In 1969, President Richard M. Nixon threatened to close to the U.S.-Mexico border. President Trump did the same thing last week. (From left to right: AP; Jabin Botsford/The Washington Post)

To get Mexico to bend to the will of the United States, the U.S. president threatened to close the southern border.

That president was Richard M. Nixon, and the year was 1969.

This past Friday, President Trump took to Twitter to threaten to close the U.S.-Mexico border, “or large sections of the Border,” in the next week if Mexico “doesn’t immediately stop ALL illegal immigration coming into the United States throug our Southern Border.” On Sunday, acting White House chief of staff Mick Mulvaney seemingly seconded the president, saying on ABC News’s “This Week” that it would take “something dramatic” to keep the president from closing the border.

Trump, as immigration reporter Dara Lind explained at Vox, cannot physically stop anyone from illegally entering the United States, but he can close ports of entry, which would prevent “people and goods from legally entering the country.”

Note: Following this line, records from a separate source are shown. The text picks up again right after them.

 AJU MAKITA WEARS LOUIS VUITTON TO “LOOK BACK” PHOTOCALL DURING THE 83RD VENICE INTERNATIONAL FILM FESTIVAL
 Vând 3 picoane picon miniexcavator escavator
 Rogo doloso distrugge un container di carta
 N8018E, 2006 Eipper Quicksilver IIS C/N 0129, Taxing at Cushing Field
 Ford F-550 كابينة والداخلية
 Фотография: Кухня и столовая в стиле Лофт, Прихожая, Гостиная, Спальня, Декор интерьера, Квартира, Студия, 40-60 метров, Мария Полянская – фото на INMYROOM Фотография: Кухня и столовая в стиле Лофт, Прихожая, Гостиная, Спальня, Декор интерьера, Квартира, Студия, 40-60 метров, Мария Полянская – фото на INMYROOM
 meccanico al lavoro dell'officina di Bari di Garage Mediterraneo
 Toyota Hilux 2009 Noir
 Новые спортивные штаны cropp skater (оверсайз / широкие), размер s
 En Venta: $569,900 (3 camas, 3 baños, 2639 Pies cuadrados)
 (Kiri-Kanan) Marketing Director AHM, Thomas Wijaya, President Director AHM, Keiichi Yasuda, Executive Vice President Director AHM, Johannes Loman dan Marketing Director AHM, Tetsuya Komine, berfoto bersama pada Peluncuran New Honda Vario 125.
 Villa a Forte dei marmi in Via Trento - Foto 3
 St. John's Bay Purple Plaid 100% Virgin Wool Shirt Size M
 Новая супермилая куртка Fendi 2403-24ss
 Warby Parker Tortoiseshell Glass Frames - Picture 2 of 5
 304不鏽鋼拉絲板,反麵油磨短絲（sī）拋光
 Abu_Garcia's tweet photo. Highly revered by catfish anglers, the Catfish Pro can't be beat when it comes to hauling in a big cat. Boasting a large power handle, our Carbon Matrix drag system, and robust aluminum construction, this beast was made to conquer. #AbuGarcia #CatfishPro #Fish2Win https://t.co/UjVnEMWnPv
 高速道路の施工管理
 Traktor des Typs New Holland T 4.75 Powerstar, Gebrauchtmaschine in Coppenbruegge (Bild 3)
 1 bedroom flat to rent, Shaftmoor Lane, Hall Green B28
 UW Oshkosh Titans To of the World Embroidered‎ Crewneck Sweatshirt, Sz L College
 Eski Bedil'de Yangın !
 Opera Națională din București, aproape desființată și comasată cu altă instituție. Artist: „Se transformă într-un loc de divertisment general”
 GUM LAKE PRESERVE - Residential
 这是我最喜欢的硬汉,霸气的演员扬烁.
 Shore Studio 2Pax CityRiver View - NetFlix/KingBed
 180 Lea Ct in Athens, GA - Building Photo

Such a move would create chaos in border communities and disrupt trade worth more than $1 billion a day. But it would also, to use the president’s parlance, suggest that he is “not playing games.”

Political symbolism is similarly thought to have been the motivating factor for Nixon’s Operation Intercept.

Launched in 1969 and lasting just 20 days, Operation Intercept was ostensibly meant to stem the flow of illegal drugs, including marijuana, into the United States. The idea was to add agents to the border to help better intercept the contraband. “In reality, however, it was designed not to interdict narcotics but to publicize the new administration’s war on crime and force Mexican compliance with Washington’s anti-drug campaign,” political science professor Richard B. Craig wrote in 1980.

At the time, newspapers deemed it the “largest peacetime search and seizure operation in history.” The operation was planned by G. Gordon Liddy, the former FBI agent who later helped orchestrate the Watergate break-in; the State Department was effectively shut out of the planning process for the operation.

Operation Intercept resulted in a “near shutdown of traffic” across the southern border. There were major backups at the border; instead of random searches, everyone was searched; legal laborers and commerce couldn’t cross; and Mexico, in response to this unilateral approach to a bilateral issue, began a boycott of U.S. goods. Also, almost no marijuana was actually seized; traffickers just found other, safer ways in.

About three weeks later, the United States abandoned the plan in favor of Operation Cooperation with Mexico. Some suggest that the plan worked — Mexico, the thinking goes, was more keen to cooperate with the United States after Operation Intercept. Others suggest that Operation Intercept had lasting international consequences and serves as a cautionary tale against unilateral action on multilateral issues.

In 2019, Trump seems to have taken the first lesson, or at least to not be perturbed by potential international ramifications; he also ordered the suspension of aid to three Central American countries — El Salvador, Guatemala and Honduras — to pressure their governments to stop migration to the United States.